TRY IT → The records below must be duplicated exactly, character for character.

------ INFORMATION PROVIDED

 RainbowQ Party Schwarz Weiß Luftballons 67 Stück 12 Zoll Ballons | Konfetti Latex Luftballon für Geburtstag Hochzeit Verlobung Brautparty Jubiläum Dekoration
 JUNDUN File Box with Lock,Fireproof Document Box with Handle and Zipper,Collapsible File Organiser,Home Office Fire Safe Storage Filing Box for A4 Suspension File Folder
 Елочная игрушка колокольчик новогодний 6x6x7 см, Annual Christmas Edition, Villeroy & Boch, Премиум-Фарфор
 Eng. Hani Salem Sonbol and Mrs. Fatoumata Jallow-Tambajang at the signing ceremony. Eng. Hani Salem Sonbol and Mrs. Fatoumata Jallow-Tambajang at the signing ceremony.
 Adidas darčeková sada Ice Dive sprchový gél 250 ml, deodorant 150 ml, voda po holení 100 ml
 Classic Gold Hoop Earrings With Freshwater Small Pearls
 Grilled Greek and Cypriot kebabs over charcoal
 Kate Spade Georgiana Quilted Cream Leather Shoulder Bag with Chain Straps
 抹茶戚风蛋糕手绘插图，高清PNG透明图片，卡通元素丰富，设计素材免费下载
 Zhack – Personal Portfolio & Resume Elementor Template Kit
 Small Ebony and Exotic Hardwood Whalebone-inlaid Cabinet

------------

ANSWER TO THIS PROBLEM →
 RainbowQ Party Schwarz Weiß Luftballons 67 Stück 12 Zoll Ballons | Konfetti Latex Luftballon für Geburtstag Hochzeit Verlobung Brautparty Jubiläum Dekoration
 JUNDUN File Box with Lock,Fireproof Document Box with Handle and Zipper,Collapsible File Organiser,Home Office Fire Safe Storage Filing Box for A4 Suspension File Folder
 Елочная игрушка колокольчик новогодний 6x6x7 см, Annual Christmas Edition, Villeroy & Boch, Премиум-Фарфор
 Eng. Hani Salem Sonbol and Mrs. Fatoumata Jallow-Tambajang at the signing ceremony. Eng. Hani Salem Sonbol and Mrs. Fatoumata Jallow-Tambajang at the signing ceremony.
 Adidas darčeková sada Ice Dive sprchový gél 250 ml, deodorant 150 ml, voda po holení 100 ml
 Classic Gold Hoop Earrings With Freshwater Small Pearls
 Grilled Greek and Cypriot kebabs over charcoal
 Kate Spade Georgiana Quilted Cream Leather Shoulder Bag with Chain Straps
 抹茶戚风蛋糕手绘插图，高清PNG透明图片，卡通元素丰富，设计素材免费下载
 Zhack – Personal Portfolio & Resume Elementor Template Kit
 Small Ebony and Exotic Hardwood Whalebone-inlaid Cabinet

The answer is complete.